### Data
>>>
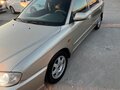 2007 Kia Spectra I Рестайлинг 2, золотистый, 560000 рублей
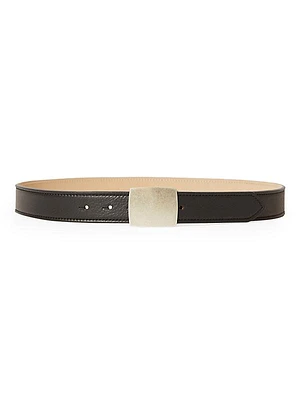 Darcy Leather Belt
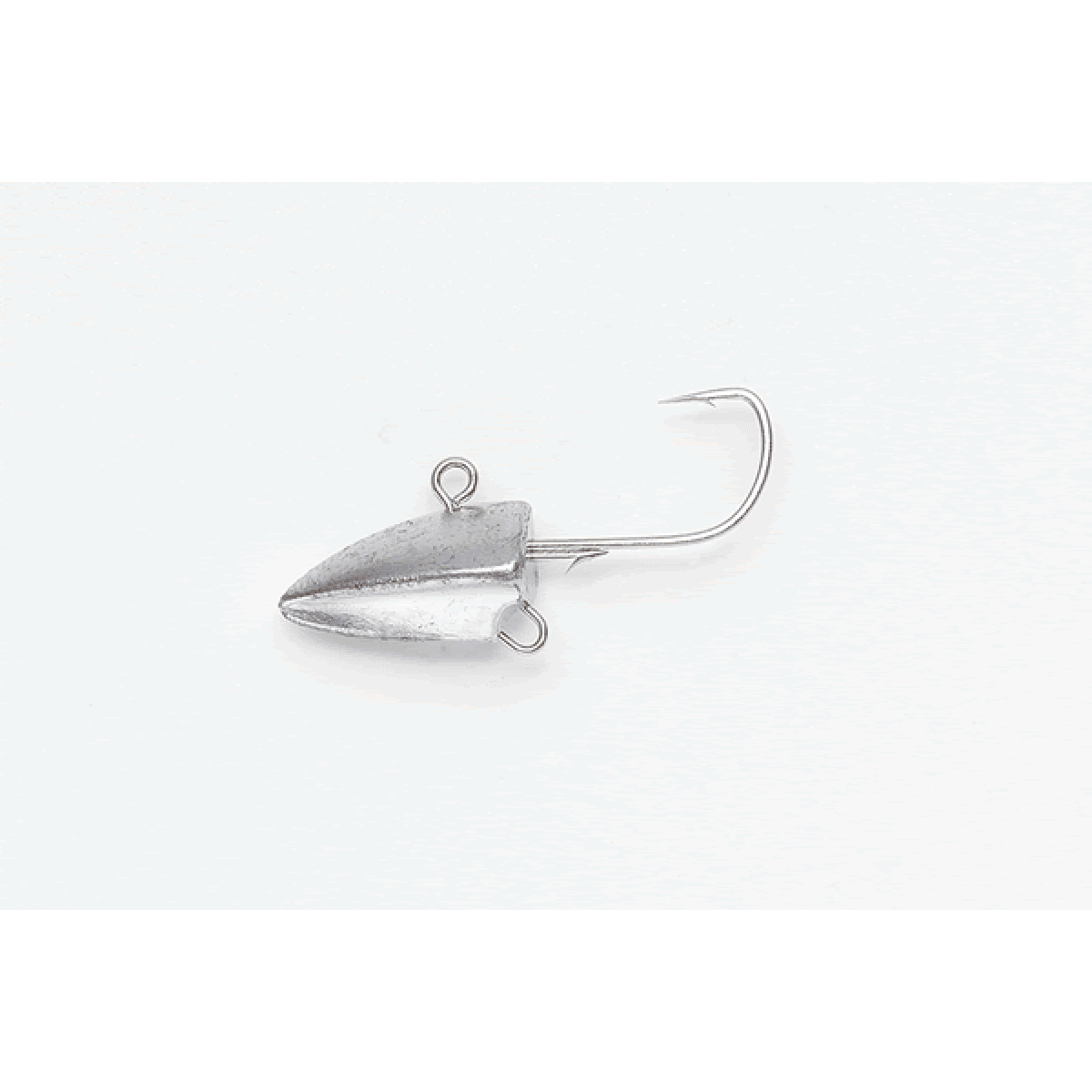 DECOY DELTA MAGIC HEAVY #4 - 3.5g SV-51H (4 pcs/pack) W NICKEL - Britannic Trade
<<<
Please give the material above again in full, with no pictures in your version.

 2007 Kia Spectra I Рестайлинг 2, золотистый, 560000 рублей
 Darcy Leather Belt
 DECOY DELTA MAGIC HEAVY #4 - 3.5g SV-51H (4 pcs/pack) W NICKEL - Britannic Trade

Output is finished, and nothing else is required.